The Beatles: The reunion

With John Lennon gone, a reunion album isn't really a reunion

The much-touted ”virtual” reunion of the Fab Four last month produced one completed song, some incidental music for a TV documentary-and a wave of unease at the notion that John Lennon is dead and gone and recording in England. Of course, Beatlemaniacs are thrilled to hear that the Lennon- McCartney collaboration ”Free as a Bird” will be included on the soundtrack for The Beatles Anthology, a 10-part BBC documentary set to premiere in Britain later this year. But even fans and musicians who cherish the Beatles are wondering out loud if all you need is love, Paul, George, Ringo, and a 17- year-old audiotape of John provided by Yoko Ono.
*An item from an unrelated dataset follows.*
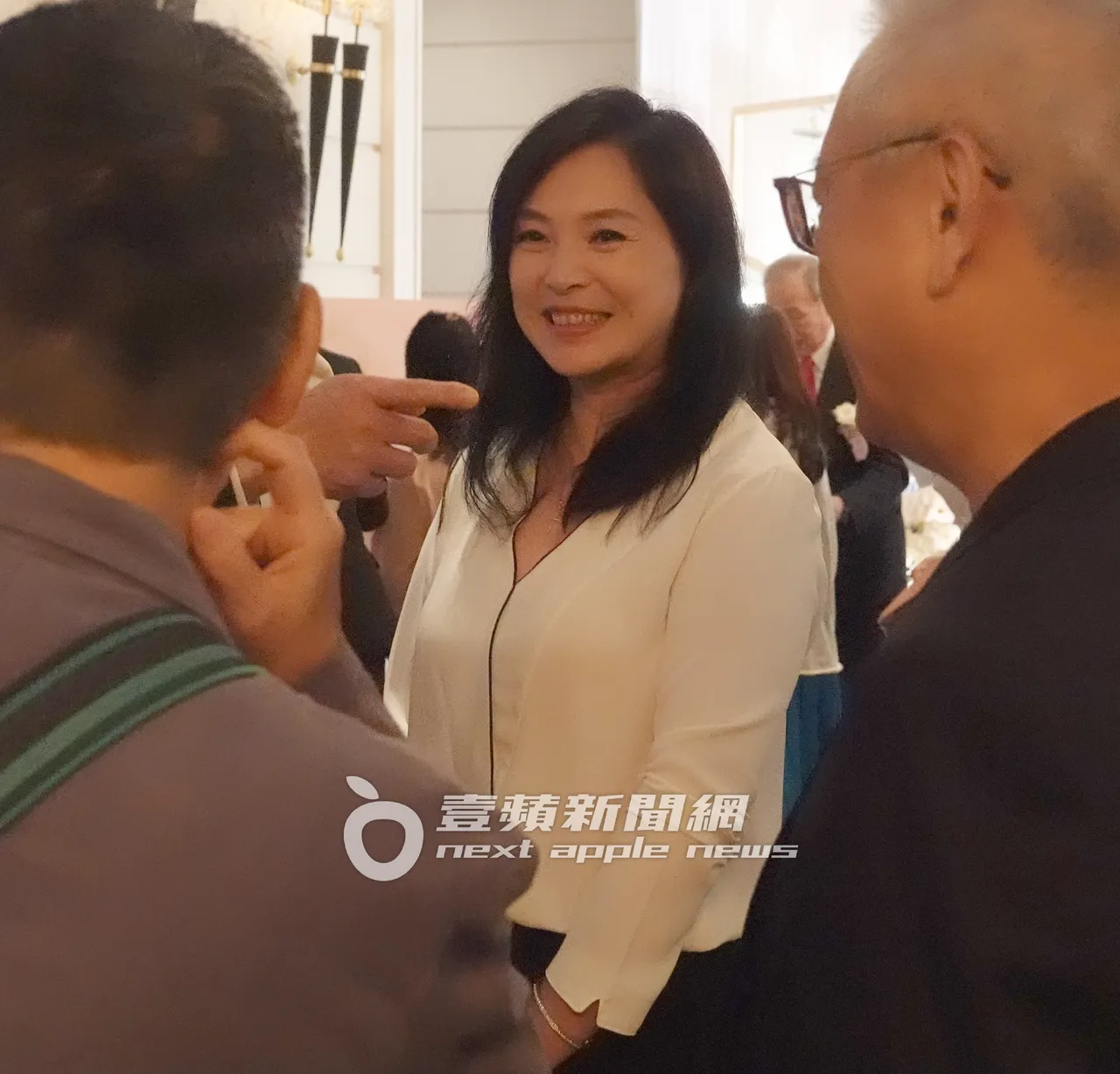 張鳳書充滿笑容前來參加喜宴。特勤中心攝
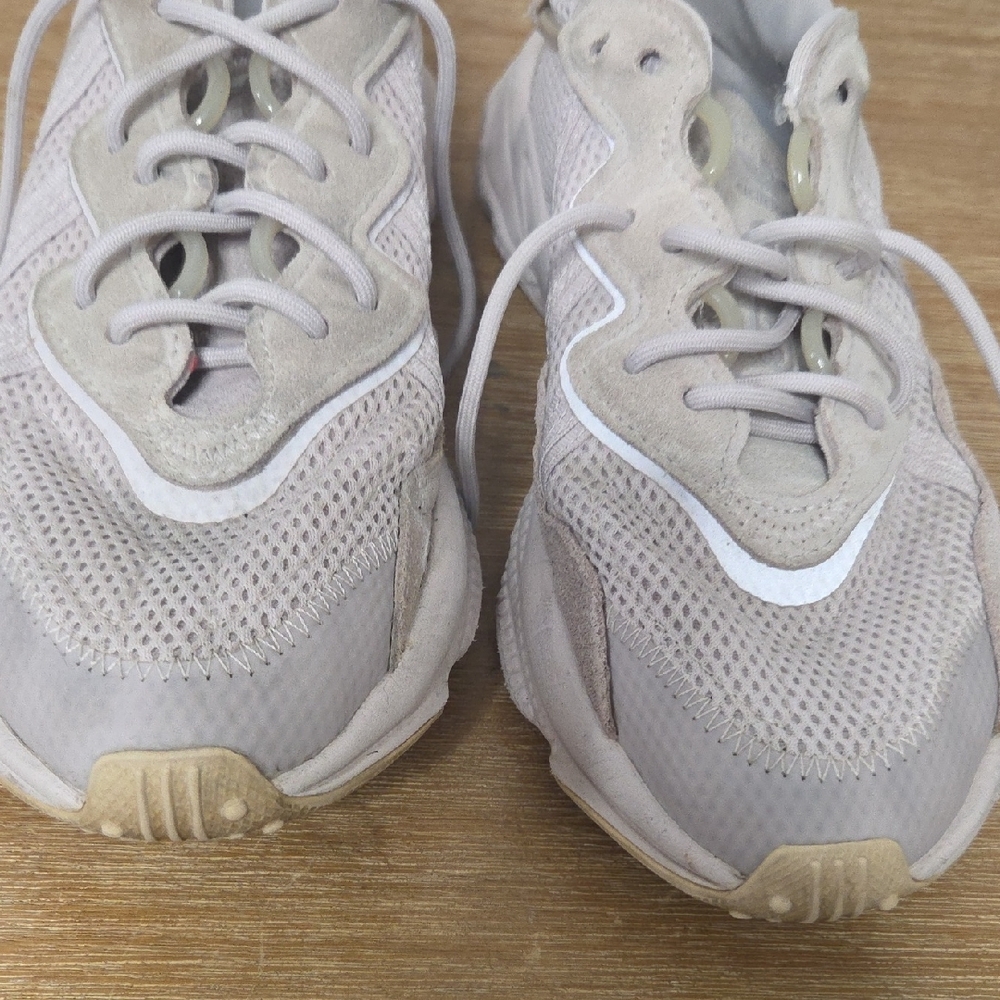 Adidas Originals Ozweego / Celox / Lite W Women Casual Lifestyle Shoes Size 9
According to Charles Rosenay, publisher of the New Haven, Conn.- based Beatles fanzine Good Day Sunshine, ”Free as a Bird,” a ballad celebrating the joys of home life, ”sounds very Beatles-esque.” Rosenay says the finished song has Lennon, Harrison, and McCartney alternating vocals as well as filling in harmonies and instrumental parts and includes ”a backwards vocal bit from John” and a verse McCartney added to the lyrics Lennon wrote in 1977—three years before his death.
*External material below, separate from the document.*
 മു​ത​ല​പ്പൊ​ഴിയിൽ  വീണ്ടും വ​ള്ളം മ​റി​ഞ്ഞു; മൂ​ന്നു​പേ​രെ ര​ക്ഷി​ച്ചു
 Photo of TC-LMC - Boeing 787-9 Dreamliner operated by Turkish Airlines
”It’s wonderful that this is happening, as long as this doesn’t come out as a Beatles song,” says Rosenay. ”Because to us, without John Lennon, it’s not the Beatles.”
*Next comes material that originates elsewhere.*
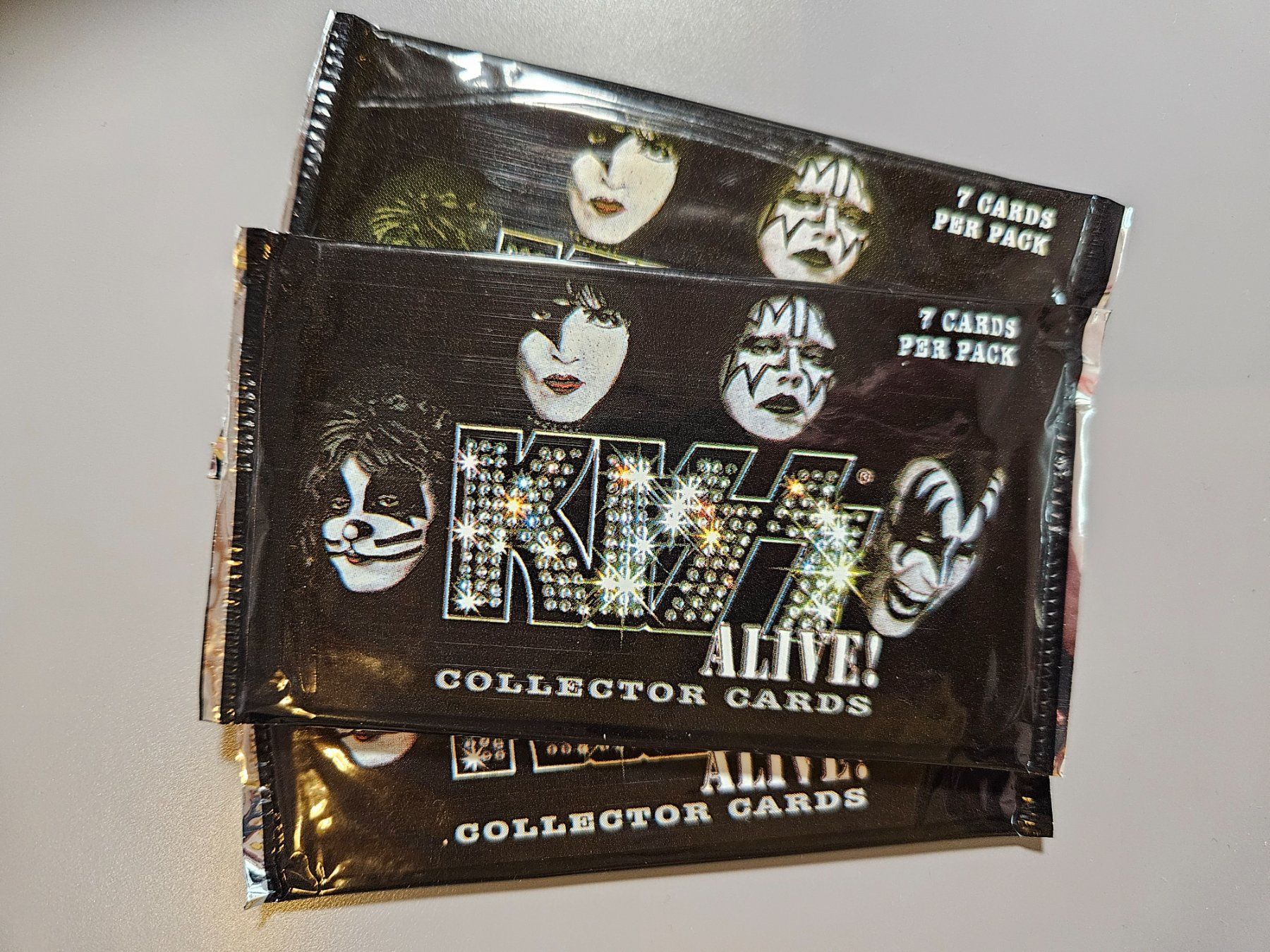 Carte collezionabili: 3x KISS Alive! Sammelkarten ungeöffnet 2001 – Nuovo e nell'imballaggio originale da Luzern venduto da Family_guy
Others are even blunter. ”It’s just another example of old geezers clogging up the rock & roll system,” says Jim Ellison of the Beatles-influenced band Material Issue. Adds Jeff McDonald of the punk-pop band Redd Kross, ”To me, the Beatles are the only group with a perfect track record. To muddle this up with new recordings would be a crime, not unlike gluing arms to the Venus de Milo.”